Together We Rise: Building a Support System for Mental Illness

Just like that challenging hike, the journey through mental illness can feel overwhelming and isolating. But the good news is, you don’t have to go it alone. Building a strong support system is one of the most powerful tools you have for managing mental illness and improving your overall well-being.

That’s the power of a Support System for someone facing mental illness. It’s a network of people who understand, care, and offer various kinds of support, making the journey towards mental well-being a little easier.

Why is a Support System Important?

Mental illnesses like depression, anxiety, and bipolar disorder can feel incredibly isolating. Symptoms can make it difficult to connect with others, leading to feelings of loneliness and despair. A strong Support System can combat these feelings by providing:

Understanding and Empathy: 

People in your Support System “get it” – they understand the challenges you face and the effort it takes to manage your illness. This can be incredibly validating.

Emotional Support: 

When you’re feeling down, your Support System is there to listen without judgment. They can offer words of encouragement, celebrate your victories, and be a shoulder to cry on during tough times.

Practical Help: 

Sometimes, mental illness can make daily tasks difficult. Your Support System can help with errands, chores, or even attending appointments. This can significantly reduce stress and allow you to focus on your well-being.


A Support System can gently remind you to take your medication, practice healthy habits, or attend therapy sessions. This accountability can be crucial for staying on track with your treatment plan.
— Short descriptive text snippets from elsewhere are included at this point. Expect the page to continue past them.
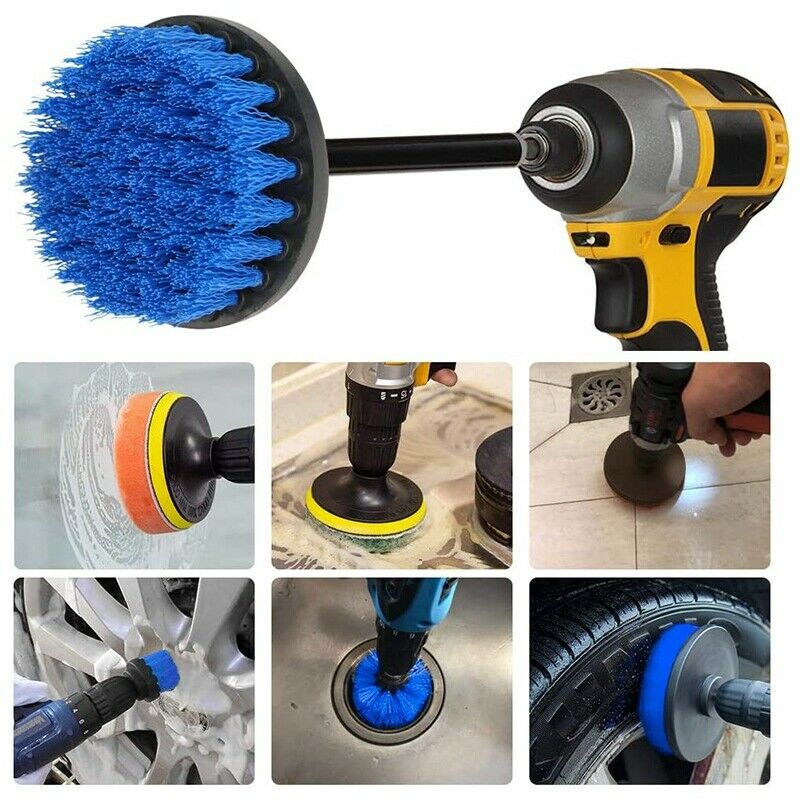 8Pcs Drill Brushes Attachment Kit with Scou Pad Polishing Sponge Power ScrubbeW6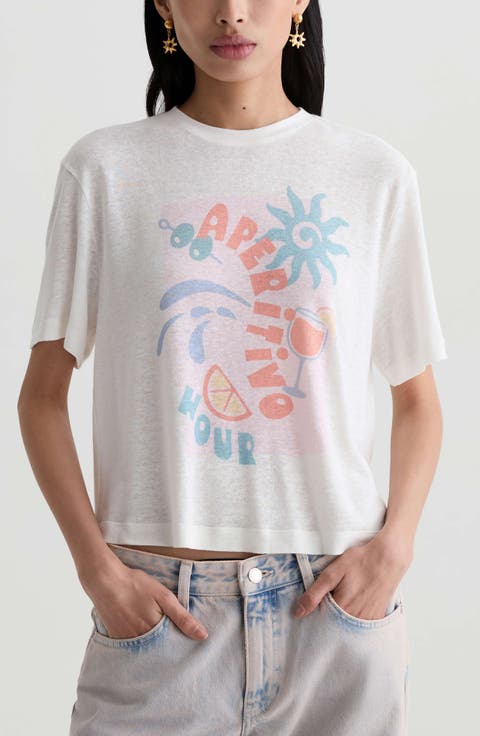 Charli Boxy Linen Blend T-Shirt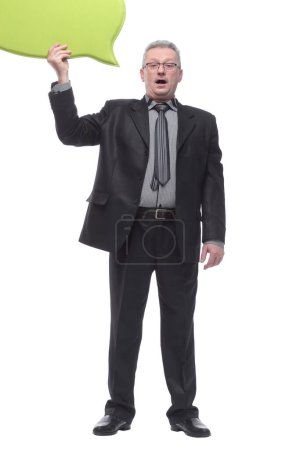 Photo for Man holding blank speech bubble with space for text - Royalty Free Image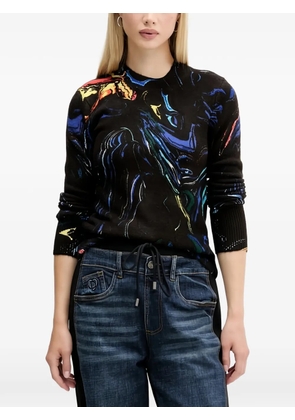 Desigual patterned knitted top - Black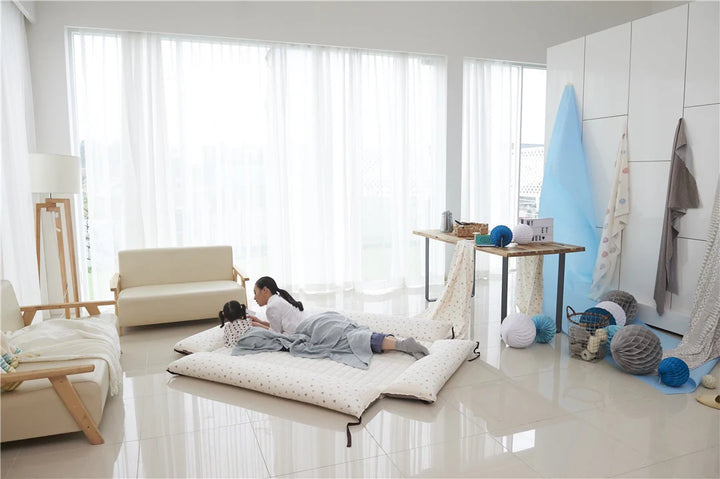 Creamhaus Inua Play Room – Non-Toxic Padded Playpen & Floor Bed (Foam Bumper Walls, Washable Cover)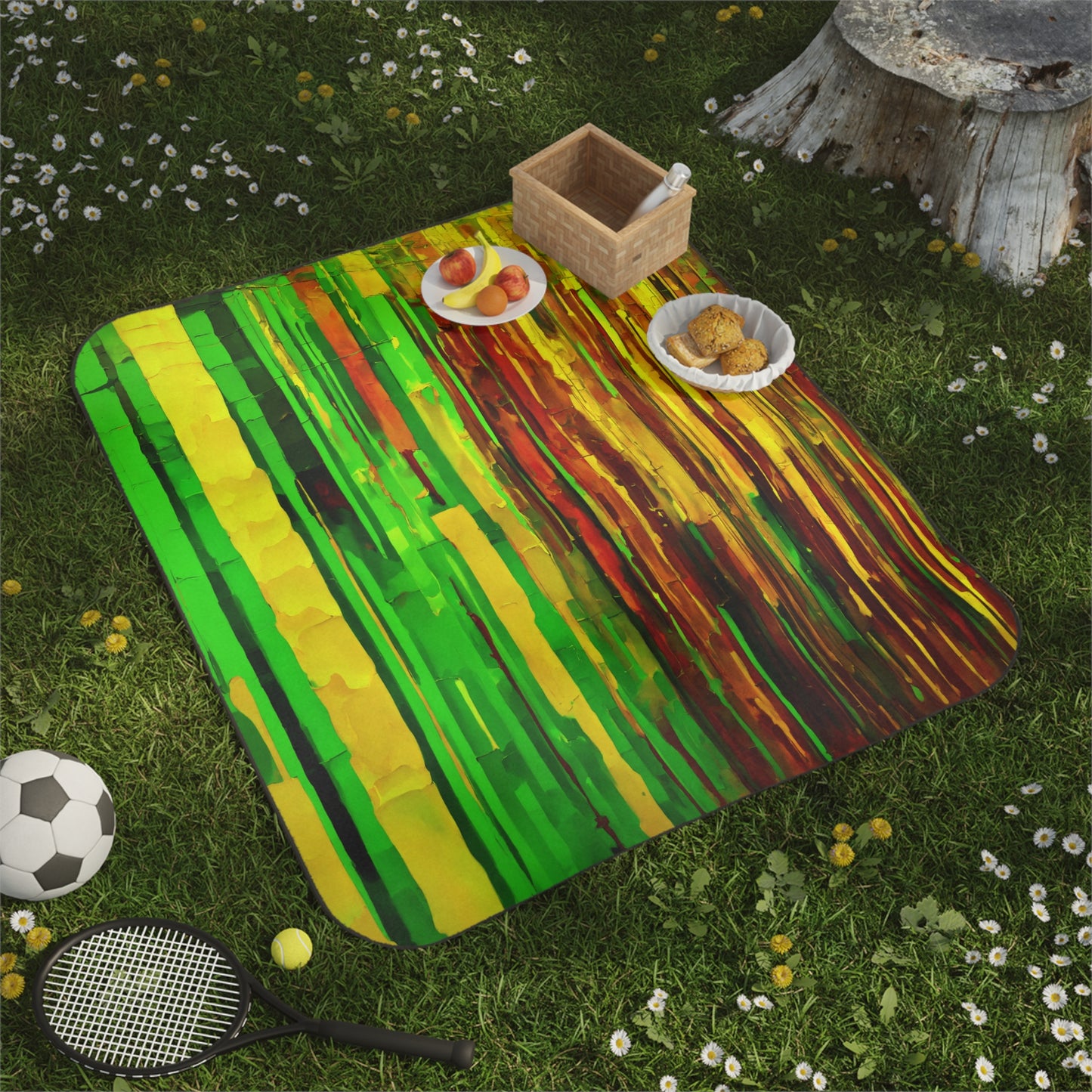 Striped Beta 61" × 51" Picnic Blanket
Building Your Support System: Brick by Brick

Creating a Support System takes time and effort, but the benefits are well worth it. Here are some steps to get you started:

Identify Potential Members:

Look for people who are:

  • Trustworthy: This is the cornerstone of any strong relationship. You need to feel safe confiding in these people, knowing they won’t judge or gossip about your struggles.
  • Empathetic: They can put themselves in your shoes and understand your challenges without dismissing your feelings.
  • Supportive: These are your cheerleaders, encouraging you and believing in your ability to manage your mental illness.
  • Reliable: You can count on them to be there for you when you need them most, whether it’s a listening ear, a shoulder to cry on, or practical help.

Potential Members:

Family and Friends: 

Often the first people we turn to for support, your loved ones can be a fantastic source of strength. Talk to close family members or friends who have always been there for you. Express your need for support and explain how they can best help you.

Significant Other: 

A supportive partner can be a pillar of strength in your Support System. They can offer emotional support, companionship, and practical help with daily tasks.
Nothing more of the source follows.